Alliander: Snelheid van energietransitie moeilijk bij te houden
De snelheid waarmee de overgang naar hernieuwbare energie plaatsvindt is maar moeilijk bij te houden. Daarop wijst topman Maarten Otto van het grote energienetwerkbedrijf Alliander bij de presentatie van de halfjaarcijfers. Belangrijke oorzaken zijn een chronisch tekort aan technisch personeel en lange doorlooptijden door onder andere vergunningsprocedures.
Otto waarschuwt dat de vanzelfsprekendheid van toegang tot energie met de energietransitie „stevig op de proef wordt gesteld”. Alliander investeert net als andere netbeheerders fors in het energienet van de toekomst. „Dat voorkomt echter niet dat de samenleving hinder gaat ondervinden. Door de drukte gaan zowel ondernemers als consumenten de komende jaren langer op een aansluiting of extra capaciteit wachten dan gewenst.”
Het stroomverbruik neemt de laatste tijd snel toe, bijvoorbeeld door de komst van datacenters. In het eerste half jaar was het elektriciteitsverbruik door deze centra even hoog als het gemiddelde verbruik van ongeveer 630.000 huishoudens. En de komende tien jaar wordt meer dan een vervijfvoudiging verwacht van de elektriciteitsvraag door deze centra.
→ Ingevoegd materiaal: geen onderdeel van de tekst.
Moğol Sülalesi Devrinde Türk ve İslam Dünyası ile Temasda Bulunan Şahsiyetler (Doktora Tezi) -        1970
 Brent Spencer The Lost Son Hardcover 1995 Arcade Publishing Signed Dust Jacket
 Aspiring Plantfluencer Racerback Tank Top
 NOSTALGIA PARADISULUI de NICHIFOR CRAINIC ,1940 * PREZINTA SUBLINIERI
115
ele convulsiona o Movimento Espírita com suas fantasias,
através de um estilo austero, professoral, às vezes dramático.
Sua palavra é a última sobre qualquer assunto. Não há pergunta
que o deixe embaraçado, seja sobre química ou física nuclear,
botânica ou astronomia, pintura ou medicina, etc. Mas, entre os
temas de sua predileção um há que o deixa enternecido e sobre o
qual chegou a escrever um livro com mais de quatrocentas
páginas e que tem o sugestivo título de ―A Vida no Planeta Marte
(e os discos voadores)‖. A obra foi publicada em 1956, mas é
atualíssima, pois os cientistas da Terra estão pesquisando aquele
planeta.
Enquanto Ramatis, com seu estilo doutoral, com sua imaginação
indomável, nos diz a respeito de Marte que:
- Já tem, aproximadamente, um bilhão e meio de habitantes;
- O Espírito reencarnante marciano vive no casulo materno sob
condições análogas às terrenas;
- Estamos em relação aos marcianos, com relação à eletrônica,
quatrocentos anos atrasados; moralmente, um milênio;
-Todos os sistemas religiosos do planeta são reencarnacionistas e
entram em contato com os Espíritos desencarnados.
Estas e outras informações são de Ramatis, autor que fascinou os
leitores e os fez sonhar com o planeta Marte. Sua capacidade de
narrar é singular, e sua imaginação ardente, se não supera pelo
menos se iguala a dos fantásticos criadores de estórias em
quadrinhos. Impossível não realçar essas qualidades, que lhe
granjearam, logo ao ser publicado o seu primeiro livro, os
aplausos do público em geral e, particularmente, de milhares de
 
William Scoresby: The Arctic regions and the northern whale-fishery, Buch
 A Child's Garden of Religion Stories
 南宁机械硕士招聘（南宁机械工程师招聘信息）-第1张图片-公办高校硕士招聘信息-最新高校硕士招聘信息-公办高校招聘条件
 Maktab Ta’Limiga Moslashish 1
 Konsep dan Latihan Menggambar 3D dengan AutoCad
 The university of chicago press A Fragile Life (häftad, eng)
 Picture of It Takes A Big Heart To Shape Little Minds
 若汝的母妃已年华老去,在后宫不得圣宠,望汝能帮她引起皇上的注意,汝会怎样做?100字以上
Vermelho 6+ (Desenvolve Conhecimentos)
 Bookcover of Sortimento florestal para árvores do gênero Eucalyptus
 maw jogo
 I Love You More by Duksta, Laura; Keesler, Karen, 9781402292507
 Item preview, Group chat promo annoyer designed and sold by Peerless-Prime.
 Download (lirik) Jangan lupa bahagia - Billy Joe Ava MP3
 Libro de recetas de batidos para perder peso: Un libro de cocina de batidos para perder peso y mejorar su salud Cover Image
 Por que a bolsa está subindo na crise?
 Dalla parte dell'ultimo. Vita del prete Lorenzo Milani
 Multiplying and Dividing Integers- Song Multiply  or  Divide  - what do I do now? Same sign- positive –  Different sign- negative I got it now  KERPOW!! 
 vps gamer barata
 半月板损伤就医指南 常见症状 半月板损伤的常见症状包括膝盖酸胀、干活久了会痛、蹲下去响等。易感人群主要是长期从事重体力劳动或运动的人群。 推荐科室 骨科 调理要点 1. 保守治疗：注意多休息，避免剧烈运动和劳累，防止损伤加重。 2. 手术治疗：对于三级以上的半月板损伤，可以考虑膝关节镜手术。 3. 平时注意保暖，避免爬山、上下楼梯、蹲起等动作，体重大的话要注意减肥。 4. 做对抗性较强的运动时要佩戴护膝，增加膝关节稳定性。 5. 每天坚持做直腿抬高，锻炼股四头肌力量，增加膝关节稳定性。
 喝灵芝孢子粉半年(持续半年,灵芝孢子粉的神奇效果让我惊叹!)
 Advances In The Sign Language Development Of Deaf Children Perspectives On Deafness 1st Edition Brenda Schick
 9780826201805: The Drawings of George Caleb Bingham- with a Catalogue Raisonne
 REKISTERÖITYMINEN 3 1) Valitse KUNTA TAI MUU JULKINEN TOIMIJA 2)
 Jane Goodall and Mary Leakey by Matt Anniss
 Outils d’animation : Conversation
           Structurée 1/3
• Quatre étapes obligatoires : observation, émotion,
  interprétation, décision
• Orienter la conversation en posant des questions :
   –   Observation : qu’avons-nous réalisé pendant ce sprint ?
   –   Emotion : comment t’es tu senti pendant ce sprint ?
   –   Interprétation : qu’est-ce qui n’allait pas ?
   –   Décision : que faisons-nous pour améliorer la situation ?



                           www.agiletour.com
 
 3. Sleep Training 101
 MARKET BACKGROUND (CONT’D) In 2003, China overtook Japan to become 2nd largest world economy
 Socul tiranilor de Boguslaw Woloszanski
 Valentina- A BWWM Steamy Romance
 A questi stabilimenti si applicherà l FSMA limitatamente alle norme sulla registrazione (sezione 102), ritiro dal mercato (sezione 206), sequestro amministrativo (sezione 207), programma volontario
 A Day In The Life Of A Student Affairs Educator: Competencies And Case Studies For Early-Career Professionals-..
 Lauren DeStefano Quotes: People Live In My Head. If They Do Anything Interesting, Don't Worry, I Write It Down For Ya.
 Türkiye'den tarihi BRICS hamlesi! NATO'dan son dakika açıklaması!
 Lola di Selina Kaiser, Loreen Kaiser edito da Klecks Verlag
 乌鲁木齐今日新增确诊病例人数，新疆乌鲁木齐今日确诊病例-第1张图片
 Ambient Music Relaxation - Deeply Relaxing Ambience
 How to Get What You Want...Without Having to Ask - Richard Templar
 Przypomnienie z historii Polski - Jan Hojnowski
Aan de andere kant groeit ook de hoeveelheid duurzame energie die wordt opgewekt met zon- en windparken.
De capaciteitsproblemen waarvoor Otto waarschuwt, worden nu al zichtbaar. Nu al zit het elektriciteitsnet op verschillende plekken vol, zoals in twee gebieden in Amsterdam. En dit geldt straks waarschijnlijk voor steeds meer plaatsen. Komende jaren neemt de behoefte aan laadpalen ook flink toe. Consumenten gaan ook steeds meer merken dat stroom die zij zelf met zonnepanelen opwekken niet op elk moment van de dag volledig kan worden teruggeleverd aan het net.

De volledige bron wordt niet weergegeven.